**MATERIAL FOR THE TASK**
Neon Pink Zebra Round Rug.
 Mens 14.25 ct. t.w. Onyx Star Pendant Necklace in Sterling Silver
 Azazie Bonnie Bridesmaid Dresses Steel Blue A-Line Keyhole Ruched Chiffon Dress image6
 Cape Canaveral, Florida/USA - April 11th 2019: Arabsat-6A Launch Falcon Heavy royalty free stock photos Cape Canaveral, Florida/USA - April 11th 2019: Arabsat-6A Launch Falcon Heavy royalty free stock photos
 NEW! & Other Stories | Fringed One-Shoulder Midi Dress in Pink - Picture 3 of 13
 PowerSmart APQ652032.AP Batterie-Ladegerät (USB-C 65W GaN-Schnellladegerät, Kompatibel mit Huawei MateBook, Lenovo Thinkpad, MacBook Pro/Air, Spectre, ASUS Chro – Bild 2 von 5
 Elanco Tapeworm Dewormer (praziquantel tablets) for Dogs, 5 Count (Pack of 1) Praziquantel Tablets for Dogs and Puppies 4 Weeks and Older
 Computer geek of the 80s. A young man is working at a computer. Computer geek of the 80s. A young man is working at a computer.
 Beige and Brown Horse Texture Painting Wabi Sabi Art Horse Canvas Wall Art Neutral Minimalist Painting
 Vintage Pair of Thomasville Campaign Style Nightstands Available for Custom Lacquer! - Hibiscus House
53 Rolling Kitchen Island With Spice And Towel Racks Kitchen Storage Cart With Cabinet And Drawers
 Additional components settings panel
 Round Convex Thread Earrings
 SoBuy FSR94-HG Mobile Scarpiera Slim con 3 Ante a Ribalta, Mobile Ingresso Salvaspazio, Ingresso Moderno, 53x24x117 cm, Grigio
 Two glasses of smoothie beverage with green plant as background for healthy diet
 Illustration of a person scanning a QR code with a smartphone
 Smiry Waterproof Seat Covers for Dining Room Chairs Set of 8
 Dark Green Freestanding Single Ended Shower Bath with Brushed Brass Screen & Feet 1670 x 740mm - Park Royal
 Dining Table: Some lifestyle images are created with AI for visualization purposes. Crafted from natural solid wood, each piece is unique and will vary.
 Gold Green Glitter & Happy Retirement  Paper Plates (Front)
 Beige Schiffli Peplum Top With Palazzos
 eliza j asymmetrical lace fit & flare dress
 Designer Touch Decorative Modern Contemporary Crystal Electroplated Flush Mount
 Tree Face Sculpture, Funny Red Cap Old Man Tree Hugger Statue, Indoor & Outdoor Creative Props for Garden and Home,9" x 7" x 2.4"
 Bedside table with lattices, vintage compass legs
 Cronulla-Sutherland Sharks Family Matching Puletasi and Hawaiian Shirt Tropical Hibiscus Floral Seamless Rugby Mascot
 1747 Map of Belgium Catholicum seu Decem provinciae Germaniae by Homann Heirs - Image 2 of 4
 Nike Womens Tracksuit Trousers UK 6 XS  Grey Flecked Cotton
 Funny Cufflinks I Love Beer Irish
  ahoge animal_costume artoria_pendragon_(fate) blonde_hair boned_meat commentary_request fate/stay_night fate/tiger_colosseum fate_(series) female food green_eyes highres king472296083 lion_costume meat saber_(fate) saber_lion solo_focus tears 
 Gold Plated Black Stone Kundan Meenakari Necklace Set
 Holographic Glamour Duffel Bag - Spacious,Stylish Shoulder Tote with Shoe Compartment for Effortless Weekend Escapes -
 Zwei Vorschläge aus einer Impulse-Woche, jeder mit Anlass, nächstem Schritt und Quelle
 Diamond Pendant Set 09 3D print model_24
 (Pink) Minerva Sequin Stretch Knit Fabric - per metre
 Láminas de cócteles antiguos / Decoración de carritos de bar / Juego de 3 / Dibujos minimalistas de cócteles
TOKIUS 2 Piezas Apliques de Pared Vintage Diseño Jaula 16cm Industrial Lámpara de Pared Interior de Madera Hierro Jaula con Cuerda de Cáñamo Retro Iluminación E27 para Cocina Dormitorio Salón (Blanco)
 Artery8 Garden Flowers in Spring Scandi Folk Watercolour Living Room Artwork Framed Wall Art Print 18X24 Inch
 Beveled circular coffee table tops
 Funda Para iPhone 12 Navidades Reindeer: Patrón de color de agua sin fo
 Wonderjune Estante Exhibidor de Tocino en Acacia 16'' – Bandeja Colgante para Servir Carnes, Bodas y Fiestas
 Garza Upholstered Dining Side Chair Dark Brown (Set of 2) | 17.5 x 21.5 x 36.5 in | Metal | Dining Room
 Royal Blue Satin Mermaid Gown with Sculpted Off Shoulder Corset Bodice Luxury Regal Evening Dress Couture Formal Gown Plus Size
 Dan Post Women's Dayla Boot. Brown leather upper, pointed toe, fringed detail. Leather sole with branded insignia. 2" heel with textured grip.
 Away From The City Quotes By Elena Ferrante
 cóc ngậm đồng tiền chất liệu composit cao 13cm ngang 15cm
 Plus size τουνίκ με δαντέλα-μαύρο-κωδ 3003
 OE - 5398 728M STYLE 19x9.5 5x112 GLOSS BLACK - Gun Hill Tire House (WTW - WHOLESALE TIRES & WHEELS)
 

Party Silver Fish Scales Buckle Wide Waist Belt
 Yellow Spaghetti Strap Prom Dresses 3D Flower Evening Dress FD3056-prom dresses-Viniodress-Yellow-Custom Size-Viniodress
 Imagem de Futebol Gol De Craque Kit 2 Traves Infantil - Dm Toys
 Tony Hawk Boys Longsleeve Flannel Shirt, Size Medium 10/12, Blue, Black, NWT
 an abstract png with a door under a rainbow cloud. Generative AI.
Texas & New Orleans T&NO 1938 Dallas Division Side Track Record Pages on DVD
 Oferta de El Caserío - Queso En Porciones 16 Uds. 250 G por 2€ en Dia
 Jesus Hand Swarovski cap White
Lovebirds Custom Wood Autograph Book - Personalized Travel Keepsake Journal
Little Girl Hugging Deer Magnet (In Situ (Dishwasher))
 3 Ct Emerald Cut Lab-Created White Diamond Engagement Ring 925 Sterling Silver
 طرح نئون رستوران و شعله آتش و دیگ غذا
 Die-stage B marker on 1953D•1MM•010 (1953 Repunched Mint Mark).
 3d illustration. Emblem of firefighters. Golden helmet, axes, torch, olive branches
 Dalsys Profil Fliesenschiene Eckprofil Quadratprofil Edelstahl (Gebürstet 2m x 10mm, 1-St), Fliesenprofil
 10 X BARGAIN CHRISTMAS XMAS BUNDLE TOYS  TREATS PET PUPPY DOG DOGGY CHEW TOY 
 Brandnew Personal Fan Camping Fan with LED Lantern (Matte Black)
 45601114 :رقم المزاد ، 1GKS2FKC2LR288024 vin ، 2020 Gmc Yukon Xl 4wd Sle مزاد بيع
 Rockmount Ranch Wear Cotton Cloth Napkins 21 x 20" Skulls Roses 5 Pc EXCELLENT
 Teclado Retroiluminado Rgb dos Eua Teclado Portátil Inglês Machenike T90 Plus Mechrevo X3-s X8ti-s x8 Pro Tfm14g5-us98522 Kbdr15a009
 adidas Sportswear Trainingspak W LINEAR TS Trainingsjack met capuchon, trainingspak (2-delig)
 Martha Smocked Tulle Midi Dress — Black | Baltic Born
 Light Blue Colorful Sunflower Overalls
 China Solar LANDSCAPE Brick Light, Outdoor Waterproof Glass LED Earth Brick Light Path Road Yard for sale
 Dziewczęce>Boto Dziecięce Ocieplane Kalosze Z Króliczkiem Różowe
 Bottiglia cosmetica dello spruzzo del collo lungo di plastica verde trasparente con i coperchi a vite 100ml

**WORK TASK**
Please copy each line from the material above in which the string "White" appears.

**RESPONSE**
 Jesus Hand Swarovski cap White
 3 Ct Emerald Cut Lab-Created White Diamond Engagement Ring 925 Sterling Silver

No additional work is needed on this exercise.